→ TASK STATEMENT
After locating the line with "Road signs over floodwaters" below, output it and each following line exactly, stopping after the line with "Woman with a". No pictures.

→ THE INPUT
============

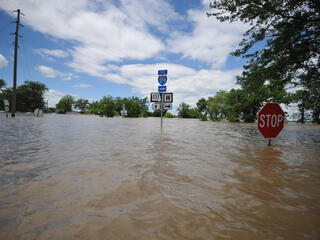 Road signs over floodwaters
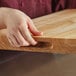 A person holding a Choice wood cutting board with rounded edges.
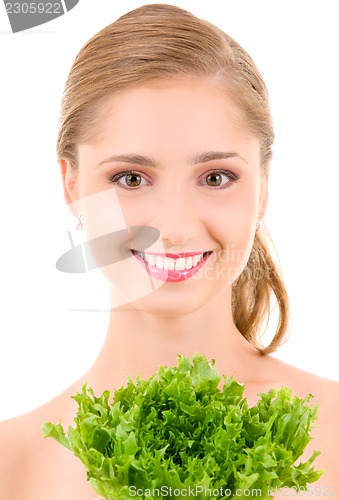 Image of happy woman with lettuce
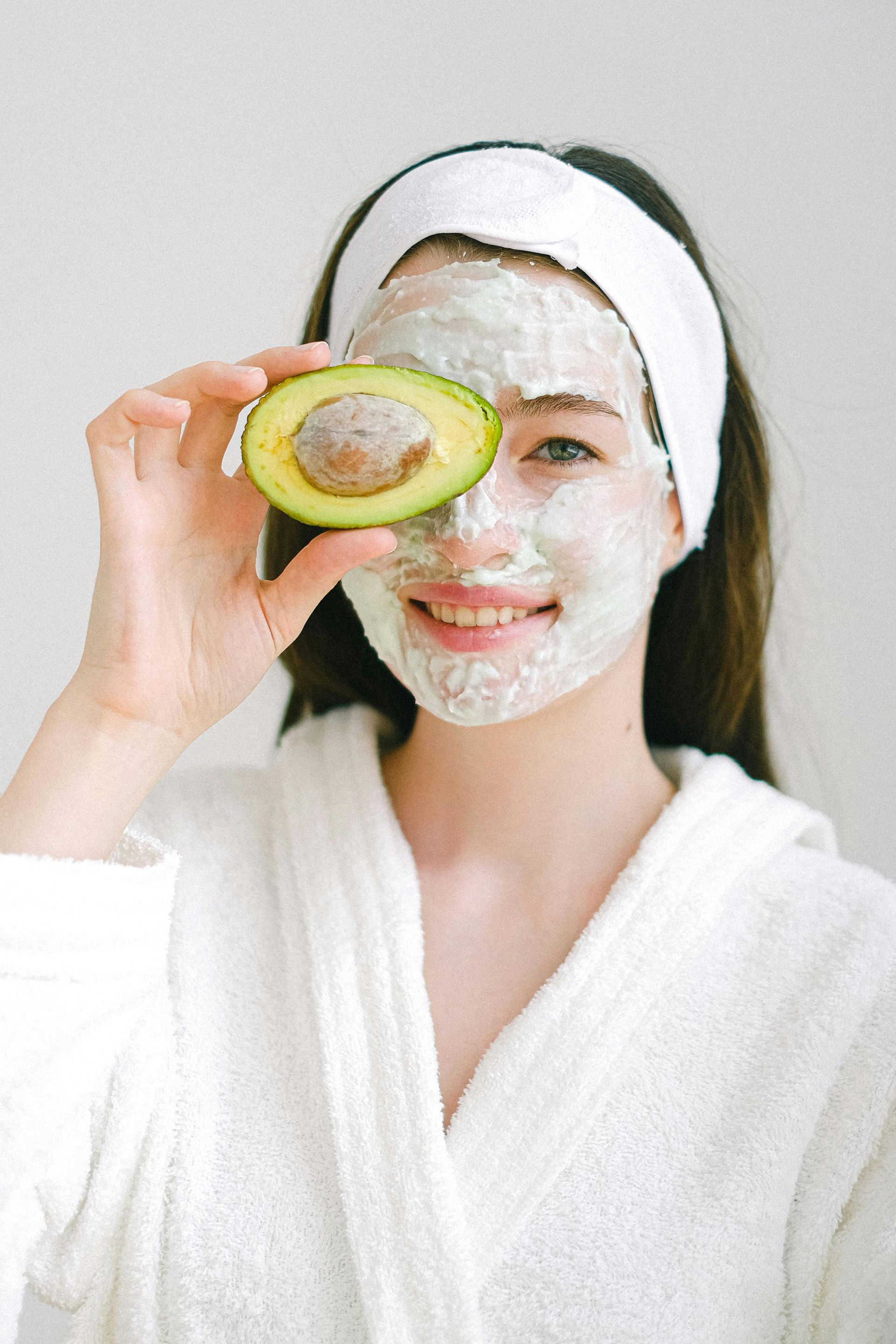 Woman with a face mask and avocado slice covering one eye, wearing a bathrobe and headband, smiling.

============

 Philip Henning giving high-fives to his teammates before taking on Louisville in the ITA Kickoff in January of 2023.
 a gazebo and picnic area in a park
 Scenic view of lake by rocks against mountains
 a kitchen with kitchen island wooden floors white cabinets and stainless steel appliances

============

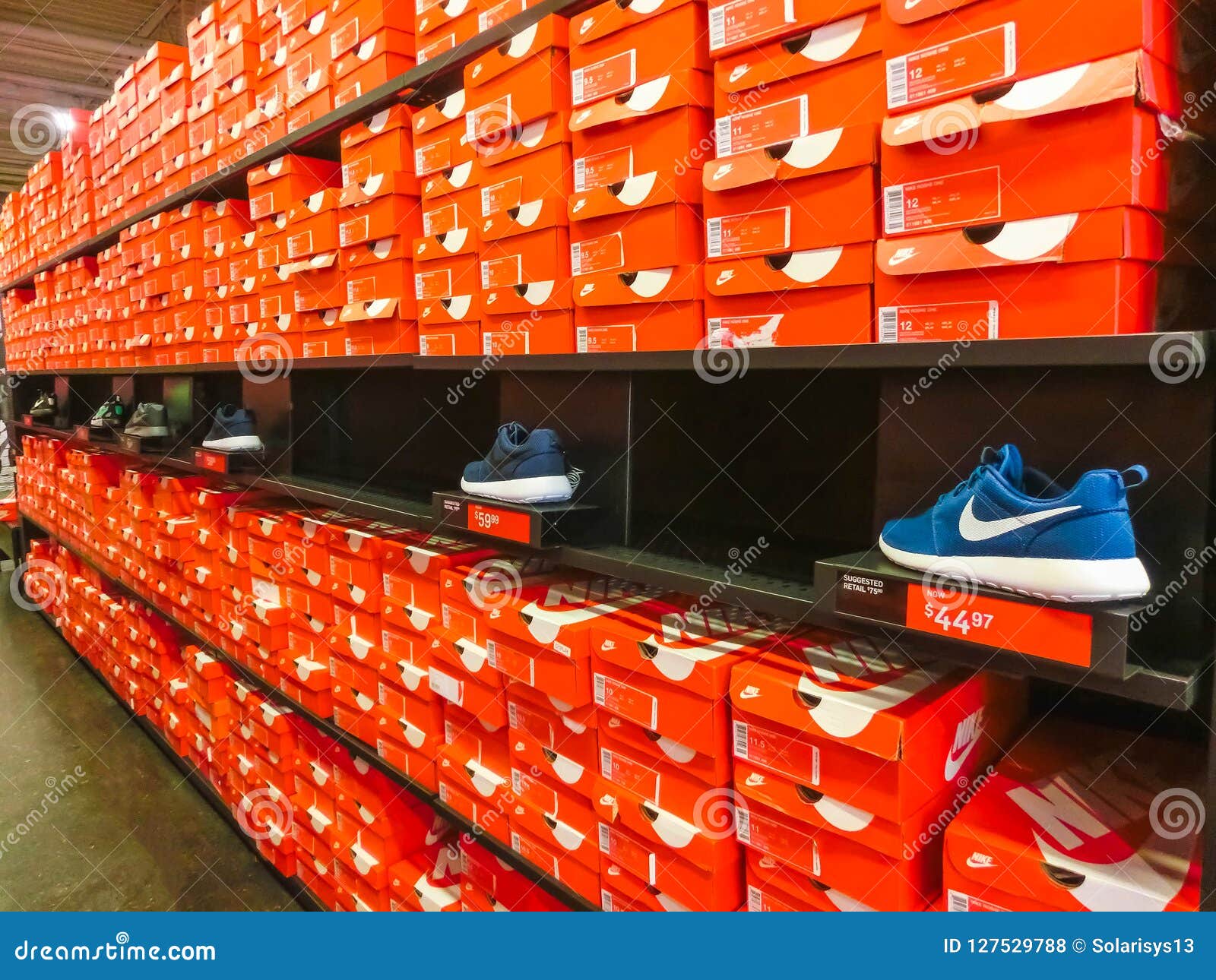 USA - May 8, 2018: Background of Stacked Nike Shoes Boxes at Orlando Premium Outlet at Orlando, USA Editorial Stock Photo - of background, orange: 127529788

============

→ EXERCISE ANSWER
 Road signs over floodwaters
 A person holding a Choice wood cutting board with rounded edges.
 Image of happy woman with lettuce
 Woman with a face mask and avocado slice covering one eye, wearing a bathrobe and headband, smiling.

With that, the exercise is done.